確かに,請求の範囲1項には,「基板」,「標識回路検知用周波数で共振する同調回路」,「コンデンサを形成する導電部」及び「不作動化領域」が,「電子的に検知可能で不作動化可能な標識」を構成するものとして,並列的に示されており,「標識回路検知用周波数で共振する同調回路」は,LC共振回路であって,そもそも「コンデンサ」を有するものであることからすれば,上記記載は「コンデンサ」に関して重複する部分を含むことになる。
しかしながら,上記記載において,「前記同調回路のコンデンサを形成する導電部」とあるように,該「導電部」が「所定の範囲内の標識回路検知用周波数で共振する同調回路」の一部の「コンデンサ」を形成するものであることに疑いの余地はないし,上記記載は,コンデンサを形成する導電部の形状,配置について限定するものであることも明白である。したがって,請求の範囲1項に,上記した重複部分が含まれるとしても,本件発明の構成を不明瞭とするほどのものではないから,上記請求人の主張は失当である。
イ 請求人(原告)が特許法36条4項違反の理由として挙げる第2の点は,要するに,「導電部」について,請求の範囲1項においては,「前記同調回路のコンデンサを形成する導電部」としているのに対し,同6項には,「前記導電部は,前記基板の一面にある第1の導電路と,前記基板の両対向面の対応する位置にある一対の導電板形状導電部と,接続部とを形成しており,前記第1導電路は誘電子を形成し,前記一対の導電板形成導電部はコンデンサを形成し,前記接続部は前記誘電板形成導電部を所定箇所で前記誘電子に電子的に接続して前記同調回路を形成し,」と記載されていることから,「導電部」について,同6項においては,「導電部は同調回路を形成すること,具体的な構成として,誘電子と,コンデンサと,誘電子とコンデンサとを接続する接続部とから構成されている」としているものと解され,また,同8項には,「前記導電部は,前記基板の一面にある第1,第2導電路と,複数対の導電板形成導電部と,接続部とを形成しており,前記第1,第2導電路はそれぞれ第1誘電子と第2誘電子を形成し,前記導電板形成導電部の各対は前記基板の両対向面の対応位置にあってコンデンサを形成し,前記接続部は前記導電板形成導電部を所定の箇所で前記導電路に電子的に接続して同調検知不作動化回路を形成し,」と記載されていることから,「導電部」について,同8項においては,「導電部は単独で同調検知不作動化回路を形成していること,具体的な構成として,第1と第2の誘電子と,コンデンサと,誘電子とコンデンサを接続する接続部から構成されている」としているものと解され,したがって,「導電部」に関する記載が,請求の範囲1項と同6項及び8項とで整合していないというものである。

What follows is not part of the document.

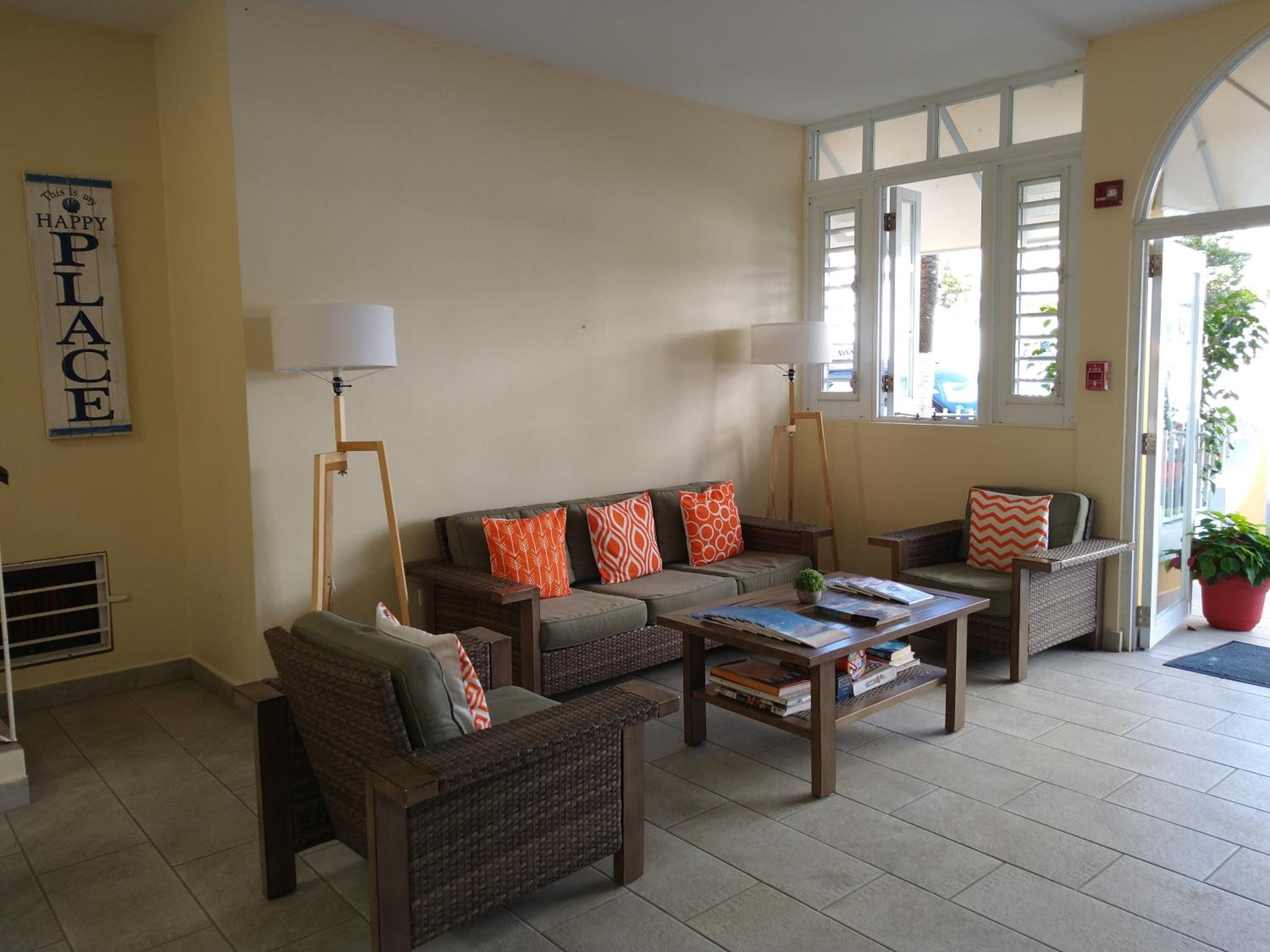 Hotel Villa del Sol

しかしながら,請求の範囲1項には,「導電部」に関して,「前記基板上の導電部であって,前記基板の両対向面にほゞ対応して位置し前記同調回路のコンデンサを形成する導電部」と記載され,「基板上の導電部」と「同調回路のコンデンサを形成する導電部」とが並列的に示されていることからすると,請求の範囲1項において,「(基板上の)導電部」とは,「同調回路のコンデンサを形成する導電部」を含む,基板上のすべての導電部の意味に解するのが妥当である。
請求の範囲6項及び8項は,同1項の従属項であり,「(基板上の)導電部」について,具体的に限定して記載したものであるから,コンデンサに関する部分について,同1項と重複する記載部分はあるものの,「導電部」に関する記載が,同1項と同6項及び8項とで整合せず,本件発明が不明瞭であるとまではいえない。

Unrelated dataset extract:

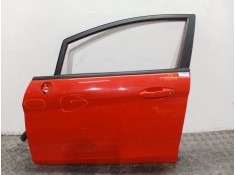 Recambio de puerta delantera izquierda para ford fiesta vi (cb1, ccn) 1.0 ecoboost referencia OEM IAM 1806115  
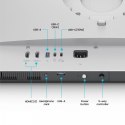 Monitor 27 cali MA270U IPS 5ms/IPS/HDMI/60Hz/4K Monitor 27 cali MA270U IPS 5ms/IPS/HDMI/60Hz/4K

なお,請求人(原告)は,「コンデンサを形成する導電部」(請求の範囲1項)と「導電板形成導電部」(同6項及び8項,なお,同6項において「導電板形状導電部」とあるのは「導電板形成導電部」の誤記と認められる。)とに同じ参照番号が付されており,本件発明が不明瞭であるとも主張している。
確かに,「導電板形成導電部」が実施例のどの部分に対応するものなのかは,発明の詳細な説明中に明確に記載されていない。しかしながら,発明の詳細な説明中には,「導電部50はコンデンサ板12として働き,従って,互いに向い合った導電部46,50によりコンデンサC1が形成される。」(本件公告公報12欄2〜5行)との記載があり,導電部が板状に形成され,これがコンデンサ板として機能するものと認められるから,「導電板形状導電部」が「コンデンサを形成する導電部」であることは明らかである。したがって,「コンデンサを形成する導電部」と「導電板形成導電部」に同じ参照番号が付されているからといって,ただちに,本件発明が不明瞭であるということはできない。
したがって,上記請求人の主張は失当である。
ウ 請求人(原告)が特許法36条4項違反の理由として挙げる第3の点は,要するに,不作動化領域を設ける位置及び不作動化領域の構造についての,「前記導電部のいくつかの間にある」及び「前記いくつかの導電部の間にあって前記いくつかの導電部を相互に絶縁している誘電材部分からなり,」(請求の範囲1項)との記載,「前記いくつかの導電部の少なくとも1つに設けられた凹部から形成され,」(同2項)との記載,「前記一対の導電板形成導電部の間にある基板の部分,もしくは,一方の導電板形成導電部と,他方の導電板形成導電部に接続された1つの接続部との間にある基板の部分から成る」(同6項)との記載,及び,「前記複数対の導電板形成導電部のうちの一対の間にある基板の部分に,もしくは一対の導電板形成導電部の1つと,その同じ対の導電板形成導電路のもう1つに接続された接続部との間にある基板の部分に設けられている」(同8項)との記載は,不明瞭であり整合していないというものである。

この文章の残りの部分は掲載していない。